O Democracia Cristã (DC) transformou um vídeo feito com inteligência artificial (IA) em peça de pressão para lançar o ministro aposentado do Supremo Tribunal Federal (STF) Joaquim Barbosa (DC) à Presidência, enquanto o senador Flávio Bolsonaro (PL-RJ) perde terreno no caso Master e Aldo Rebelo (DC) ameaça levar a briga interna do partido à Justiça.

A publicação saiu na sexta-feira (22), em um perfil de Instagram vinculado ao DC. A animação mostra Barbosa diante de telas com notícias recentes e usa a frase “Chegou a hora de virar a página” como ataque à polarização entre o presidente Lula (PT) e Flávio Bolsonaro.

O dado novo não é apenas o nome de Barbosa. É o método. A terceira via, que fracassou em 2018 e 2022 tentando nascer em reuniões de cúpula, agora aparece em vídeo de IA para fabricar presença, testar reação e forçar uma decisão partidária antes da convenção.

O movimento ocorre no buraco aberto pela crise de Flávio Bolsonaro.
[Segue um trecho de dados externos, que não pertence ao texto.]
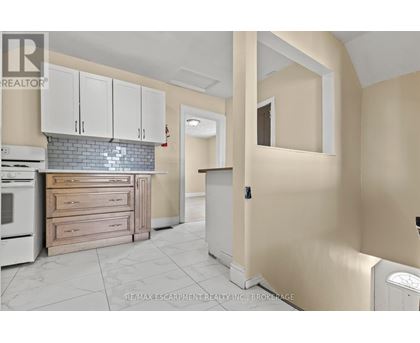 A kitchen with white cabinets and a tiled backsplash.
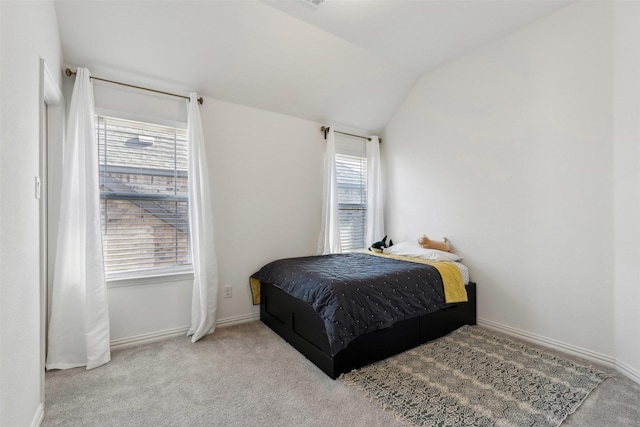 bedroom with vaulted ceiling and light colored carpet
A pesquisa Datafolha divulgada na sexta-feira (22) mostrou Lula com 47% contra 43% de Flávio Bolsonaro em eventual segundo turno. Na rodada anterior, os dois apareciam empatados em 45%.

O Blog do Esmael registrou que o levantamento foi feito após reportagens sobre a relação de Flávio Bolsonaro com Daniel Vorcaro, ex-controlador do Banco Master, no financiamento do filme “Dark Horse”. Flávio Bolsonaro nega irregularidades.

É nesse intervalo político que Barbosa volta ao jogo. O ex-ministro carrega a memória pública do julgamento do mensalão, quando se tornou conhecido por condenações de políticos e empresários. Para o DC, esse currículo pode falar com o eleitor que rejeita Lula e também desconfia do bolsonarismo atingido pelo Master.

Mas a candidatura ainda está longe de ser fato fechado. O próprio partido está rachado. O DC havia lançado Aldo Rebelo como pré-candidato ao Planalto no começo de 2026, antes de o presidente nacional da legenda, João Caldas da Silva, anunciar Barbosa como alternativa.

Aldo reagiu dizendo que a “pré-candidatura que existe é a minha” e que a decisão deve passar pela convenção partidária. Ele também afirmou que pode judicializar o caso se a direção tentar removê-lo por decisão de cima para baixo.

O calendário eleitoral reforça esse ponto. O Tribunal Superior Eleitoral (TSE) prevê que partidos e federações realizem convenções entre 20 de julho e 5 de agosto de 2026 para escolher candidatos a presidente, vice, governador, senador e deputados.

No registro oficial do TSE, o DC aparece com João Caldas da Silva como presidente nacional em exercício. Isso dá peso formal à movimentação da direção, mas não elimina a disputa interna nem resolve a pergunta central: Barbosa aceitou ser candidato ou está sendo usado como peça de pressão contra Aldo?

Barbosa se filiou ao DC em 2 de abril de 2026. Mesmo assim, o ponto decisivo continua pendente: transformar filiação, vídeo e anúncio partidário em candidatura real, com convenção, campanha, discurso próprio e sustentação política fora da bolha digital.

A crise do DC mostra que a direita não bolsonarista tenta ocupar o espaço antes que Flávio Bolsonaro reorganize a própria defesa. O uso de IA resolve o problema da imagem, mas não resolve o problema político: sem candidato assumido, sem partido pacificado e sem convenção, Barbosa ainda é mais balão de ensaio do que nome consolidado.